The cell groups with others into the organ, the organs group again and form organisms; the organisms, once more combined, form an organisation. Society is the fourth power of the cell.

A low and limited form of social life began with the temporary union of hunters; loose fluctuating hordes, like those of wild dogs or wolves.

When cattle were kept instead of killed, were milked and sheared and bred with care and forecast, there arose a higher group form, the family. With an insured food supply at hand man sat quiet, watching his cattle; and with food to spare and time to spare, he began to grow. The family, our physical nucleus, grew too; grew as it had never grown before.

The limits of cattle-fed life were sharp and clear. There was no permanent home, no village, no extra-familiar intercourse, only warfare over pasture and water between tribe and tribe. But the hour came when corn was planted and eaten; and then our human life was indeed established.

The conditions of permanent physical juxtaposition, so essential to social growth, were met for the first time. The Hunter, requiring forty square miles of land per capita to chase at hazard his laborious prey, had no chance for social growth. Any other man on his forty miles was a competitor and reduced the supply of food, so he killed him if possible; and this habit also did not conduce to social growth. Families, too, were small when each man “did his own work” as these did. When came the Shepherd and his plenteous food, came larger families; but there was still a need of some five square miles per capita to feed the beasts; as the family grew the miles increased; and on the “free land” with its “equal opportunities” the families met at the edges and warred with one another as competitors. This, again, was not conducive to social growth.

But the Farmer, with far more food on far less land, food more richly and rapidly reproductive, and taking far less time to mature; with the family growing faster than ever, but taking up less room for its food supply; the Farmer is the base of the true social structure. Surplus nutrition and surplus time meant accumulated energy and frequent opportunity which, with the permanent home, allowed the birth and nurture of the industries and arts. The physical nearness of the people—acres instead of miles for their nutritive base—allowed of larger growth of language; and so in and with and following these conditions the social life became possible.

Note the absolute collectivity of this productive food process. The lowest food-producing unit is a village; not a separate man, or even a family. Agriculture is not found below a certain human group form. Social life is born with agriculture. The distinctive food processes of humanity are collective.

A second field of proof of our organic relation, and one as patent as the first, is the complex specialisation of humanity.

If you find a lump of protoplasm you cannot tell whether it is a whole or a part; if you divide it, its parts make wholes and prosper as before. Very low life-forms may be cut into fragments, and each develops whatever it lacks and makes a new whole. There is little differentiation here. But if you find an eye, a tooth, a claw, you are at no loss as to whether it is a whole or a part.

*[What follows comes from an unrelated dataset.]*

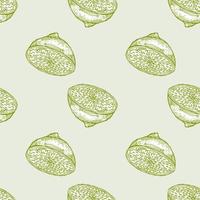 Seamless pattern lemon half engraving. Vintage background of citrus fruits in hand drawn style. vector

If it were a whole, it would be able to maintain and reproduce itself. Being a part, it can do neither. The eye is a remote, highly developed special organ, _of no use to itself_; able only to serve the complex organism of which it is a part; and nourished and maintained only by that organism. This condition is absolute proof of organic life as distinguished from individual.

Apply this proof to society. Society consists of numbers of interrelated and highly specialised functions, the functionaries being individual human animals. Society develops them—they could never have been evolved in solitude. As easily conceive of independent eyes, rolling around and doing business by themselves, as of independent teachers, carpenters, dentists. Society maintains them, as the body does the eye; intricate labours of many others feeding, warming, housing, protecting the teacher, while he teaches.